A position of trust
Despite what you read in the Daily Mail , lawyers hold a position of trust in society, says Kerry Underwood
I am in Stavanger in Norway, having just spoken to sixth formers about being a lawyer in England and Wales. It concentrates the mind on the positives, so as the profession is under attack from politicians and the media, here are a few of them.
You can make a real and positive difference to people’s lives. Being a lawyer has been described as guiding clients across the choppy waters of life to safety on the other side. Often those with serious problems will say that they feel so much better for having spoken to someone.

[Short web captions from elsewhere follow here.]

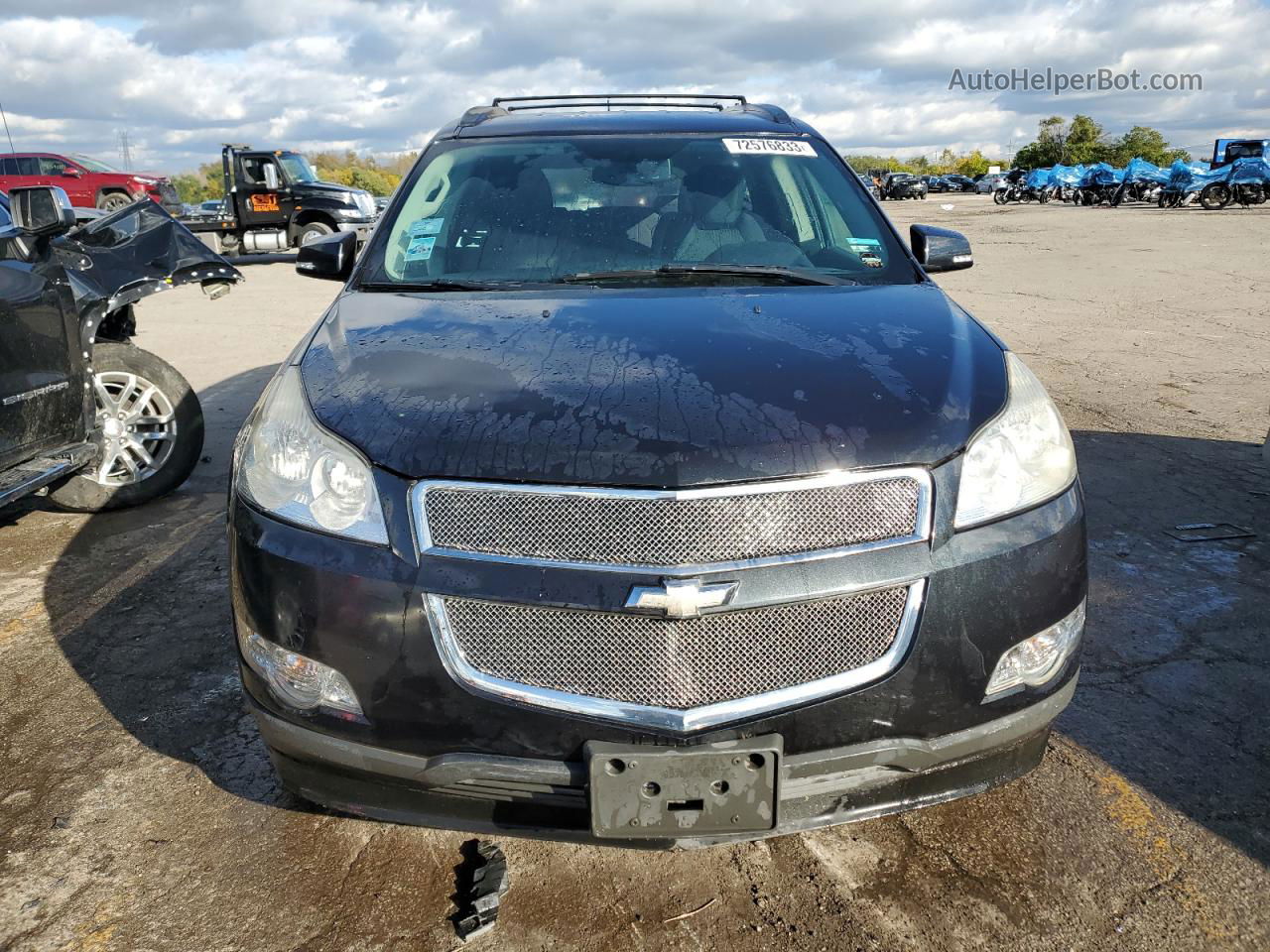 2011 Chevrolet Traverse Lt Black vin: 1GNKRGED5BJ110209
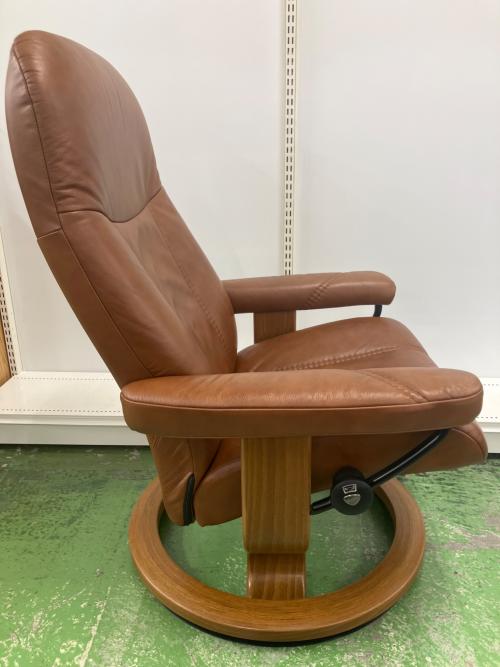 【美品】EKORNES ストレスレス チェア ブラウン　オットマン付 エコーネス EKORNES ストレスレスチェア オットマン付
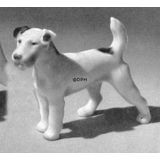 Foxterrier stehend, Bing & Gröndahl Hund Figur Nr. 2086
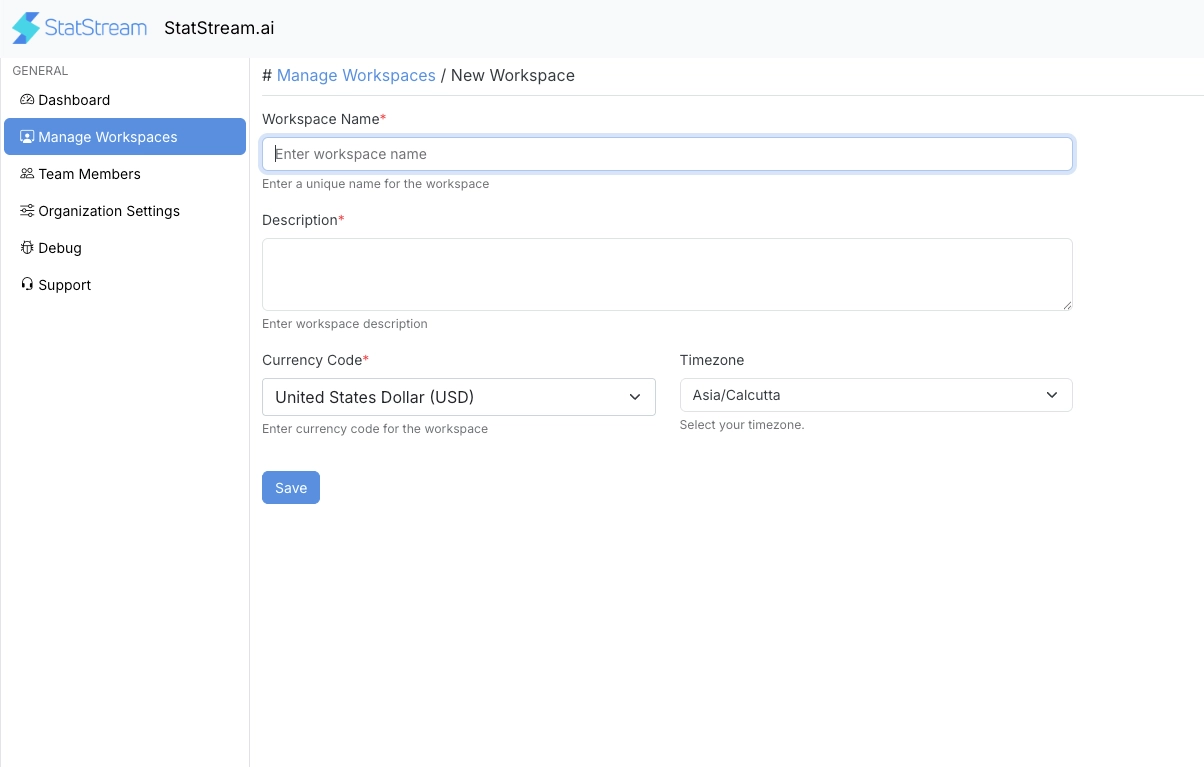 Create Workspace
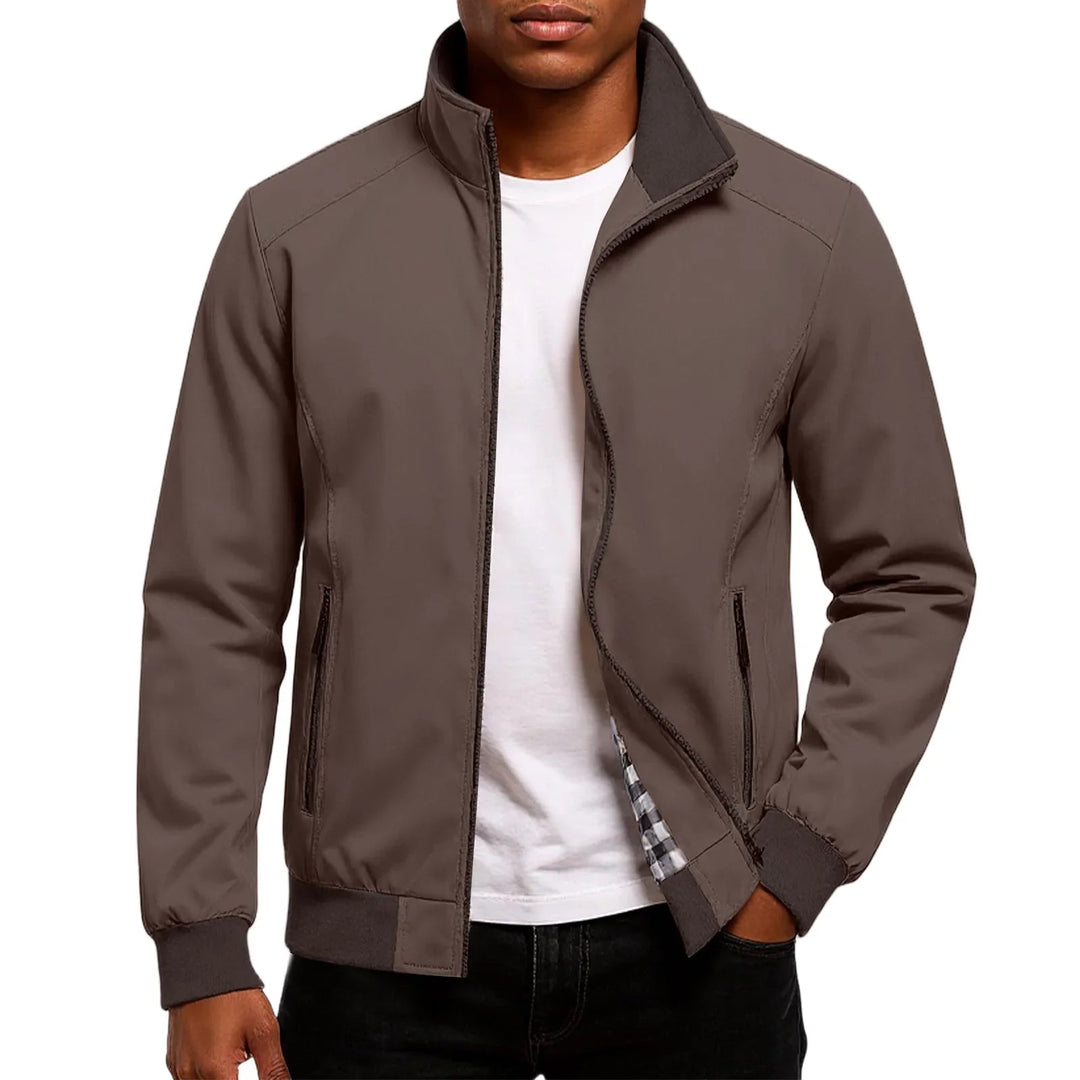 Zynkal - Bomber Jacket With Stand Collar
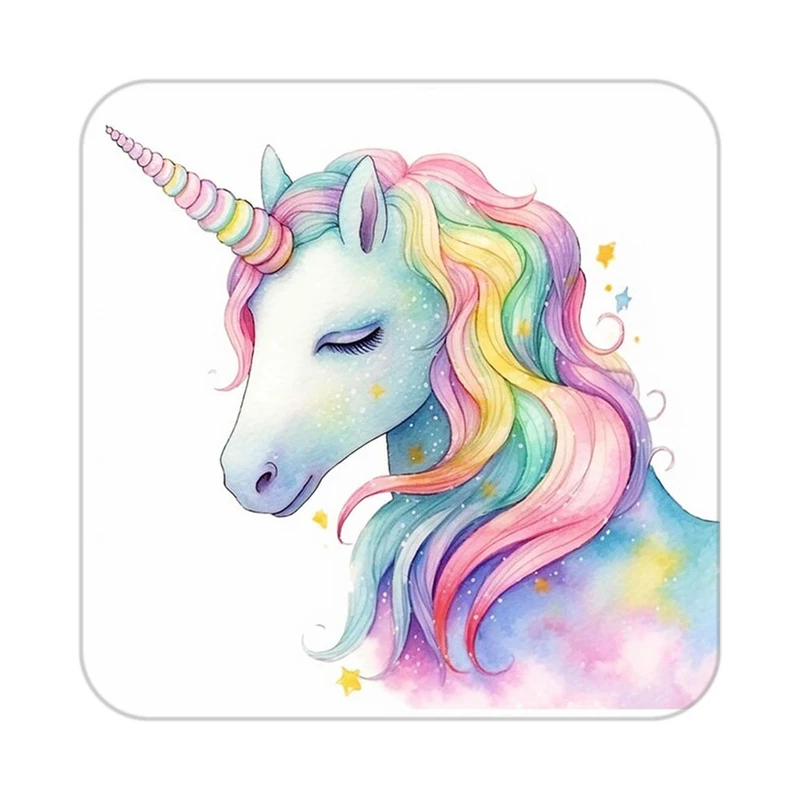 زیر لیوانی کاکتی طرح اسب تک شاخ و یونیکورن مدل mp32864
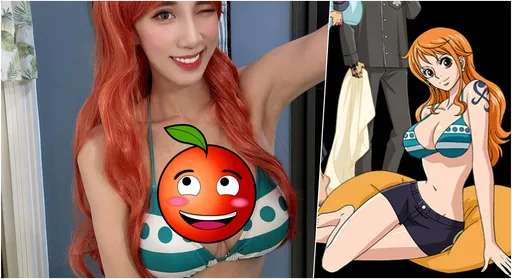 F奶女星扮真人娜美　巨乳炸裂！網看呆：根本神還原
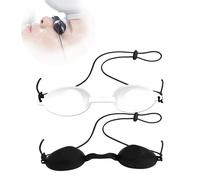T TAKONE Lot de 2 lunettes de protection pour lampe à lumière rouge, lunettes pour solarium et luminothérapie, lunettes de protection en silicone de qualité supérieure pour lampe infrarouge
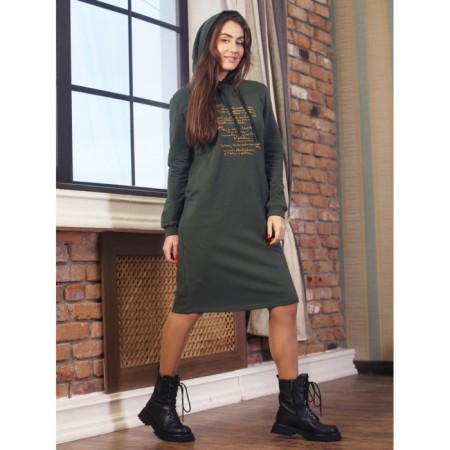 Women's dress Yesterday, size 50, Khaki color-3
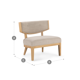 thumbnail image 2 of Poltrona Rosen A-550 Tela Crudo, 2 of 10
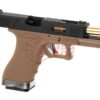 WE G-Force 17 BK Gold Barrel Metal Version GBB Desert OD-TM-10791731000 26031 asgbox.pl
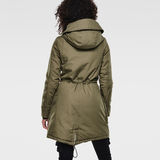 G-Star RAW® Duty Hooded Relaxed Parka Green model back
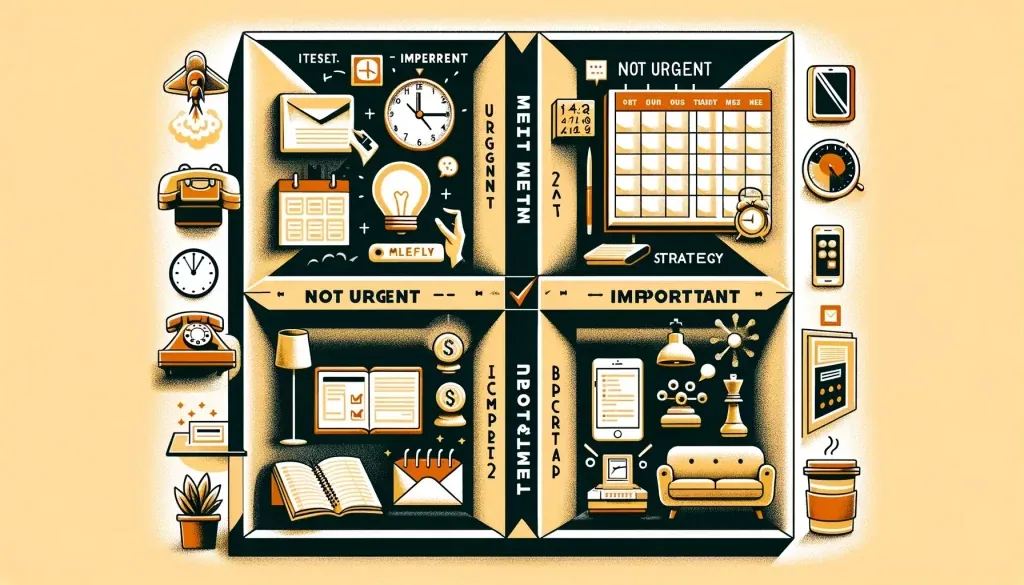 The Eisenhower matrix and the four quadrants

Civilised society depends on law and the rule of law. Without it there is anarchy and chaos. Society collapses. Daily life is based on trust and a large part of that is the ability to enforce a contract or collect a debt.
Lawyers, along with our friends in the press, are a check on the power of government, authority generally, and faceless multi-national corporations. That is why the establishment uses up so much energy attacking us, although as soon as those self-same people have a problem they run straight to a lawyer.
Laws and rights without the ability to enforce them are meaningless. Access to courts and access to affordable lawyers are as essential as the laws themselves. One does not work without the other.
In spite of the rabid ravings of the Daily Mail, lawyers hold a position of trust in society, both nationally and locally. It is no coincidence that almost every society in the world draws its judges from the ranks of lawyers, often giving its most senior judges the power to overturn laws.
Locally, lawyers are school governors, club and society treasurers, secretaries, and trustees. Any TV programme involving courts or lawyers gets large audiences. Parents are more likely to want their children to be lawyers than bankers or estate agents, even though those jobs pay far more.
The variety of work is endless, including criminal and civil advocacy, human rights, employment, personal injury, local authority matters, contract work, licensing, conveyancing, wills, probate, research – indeed advising on just about everything. Dealing with, and helping, people in all sorts of situations is for most of us the most interesting and rewarding part of the job.
Being a lawyer can involve half a dozen careers even if you work in the same office all of your life. Law opens other doors, such as writing and lecturing, which demand the same skills of organisation, analysis, and logical presentation of raw material. Many of the top thriller writers trained as lawyers.
Also, in spite of the moaning, it is a well-paid and fulfilling career. Whenever I lecture, especially to personal injury lawyers, I am struck by the contrast between the tales of economic woe and the cars in the car park. If I had my time over again I would be a high street solicitor.